The R&D spend is directly tied to pipeline execution, and the zanzalintinib pivotal studies are a major cost center within that. You're funding several large-scale Phase 3 trials, which are inherently expensive to run globally. These include:

  • STELLAR-303 in colorectal cancer, which had results presented in late 2025.
  • STELLAR-304 in non-clear cell renal cell carcinoma, which completed enrollment in May 2025.
  • STELLAR-311 in advanced neuroendocrine tumors, which was initiated in the first half of 2025.

While the exact dollar amount for these specific clinical trial costs isn't broken out separately from the total R&D budget, the initiation and progression of these trials are the primary drivers behind that nine-figure R&D expense.

Exelixis, Inc. (EXEL) - Canvas Business Model: Revenue Streams

You're looking at the core ways Exelixis, Inc. brings in cash, which as of late 2025, is still heavily concentrated in its flagship product, CABOMETYX, but is diversifying through international partnerships and new indications. Honestly, the revenue streams are quite clear: direct U.S. sales, royalties from partners abroad, and the occasional big milestone payment.

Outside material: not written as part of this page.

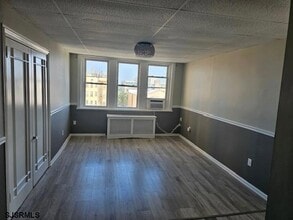33 S Iowa Ave in Atlantic City, NJ - Building Photo - Building Photo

For the full fiscal year 2025, Exelixis, Inc. is guiding for its U.S. Net Product Revenues from the CABOMETYX/COMETRIQ franchise to land between $2.1 billion-$2.15 billion. This guidance was updated following a strong first quarter, showing the continued momentum of the drug in established markets like renal cell carcinoma (RCC).

Here's a quick look at how the U.S. product revenue and the associated international royalty income have stacked up through the first three quarters of 2025:

Metric Q1 2025 Amount Q2 2025 Amount Q3 2025 Amount
U.S. Net Product Revenues (Cabometyx/Cometriq Franchise) $513.3 million $520.0 million $542.9 million
Royalty Revenues from Collaboration Partners $36.7 million $43.4 million $46.3 million

The international piece is definitely growing, which is key for Exelixis, Inc. to become a multi-franchise company. You see this in the royalty line item, which is directly tied to ex-U.S. sales by partners like Ipsen Pharma SAS and Takeda Pharmaceutical Company Limited. For the first nine months of 2025, for instance, Ipsen royalties totaled $116.5 million, while Takeda royalties accounted for $9.9 million.

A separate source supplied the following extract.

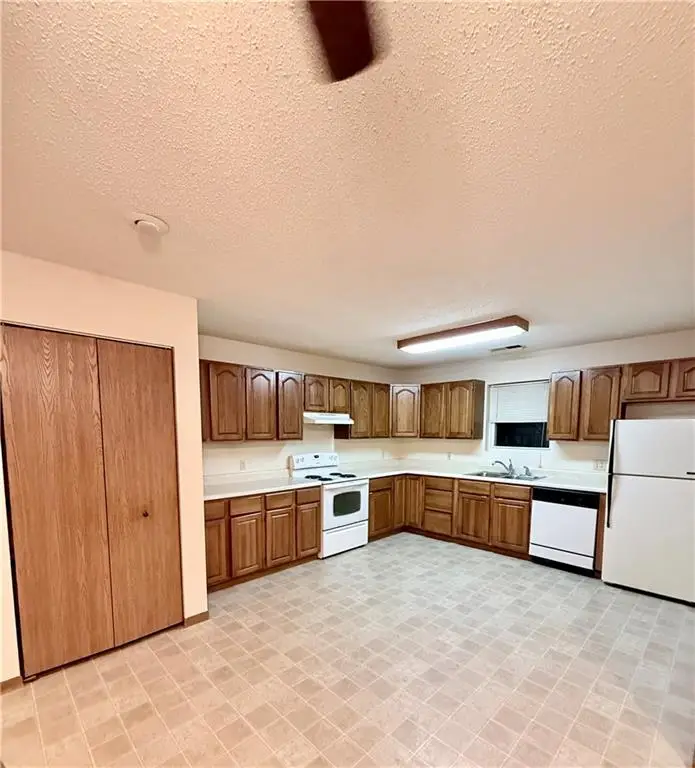 1635 N Grand Avenue, Maryville, MO 64468 - Image #3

Collaboration revenues, which bundle royalties, license fees, and development cost reimbursements, show the lumpiness of milestone income. While Q2 2024 included a significant $150.0 million commercial milestone from Ipsen, the Q3 2025 collaboration revenue was noted as being lower due to fewer milestone-related revenues recognized that quarter. Still, the base royalty stream is reliable.

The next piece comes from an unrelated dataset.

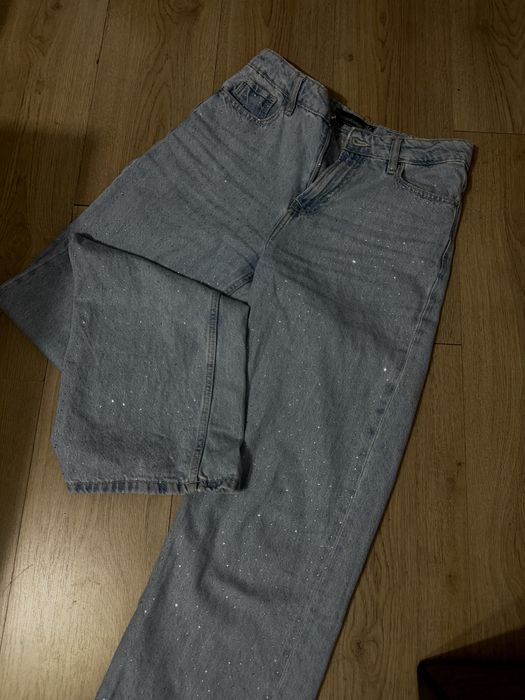 Дънки с камъни и широки дънки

The recent U.S. Food and Drug Administration (FDA) approval for CABOMETYX in advanced neuroendocrine tumors (NET) is a specific, new revenue driver. While the total addressable market for this indication was estimated at around $900 million, the expectation for the NET indication alone to contribute to 2025 revenue is set to exceed $100 million. In fact, by the end of the second quarter of 2025, NET sales represented approximately four percent of the entire CABOMETYX business in the U.S.

The key components feeding the revenue stream are:

  • U.S. Net Product Revenues for CABOMETYX/COMETRIQ: Expected to be in the $2.1 billion-$2.15 billion range for fiscal year 2025.
  • Royalties from Ipsen on ex-U.S. sales: Reached $116.5 million for the first nine months of 2025.
  • Royalties from Takeda on ex-U.S. sales: Totaled $9.9 million for the first nine months of 2025.
  • CABOMETYX NET Indication Revenue: Projected to surpass $100 million in 2025.
  • Potential Milestone Payments: These are unpredictable but have historically provided significant, non-recurring boosts, like the $150.0 million recognized in Q2 2024.

Finance: draft 13-week cash view by Friday.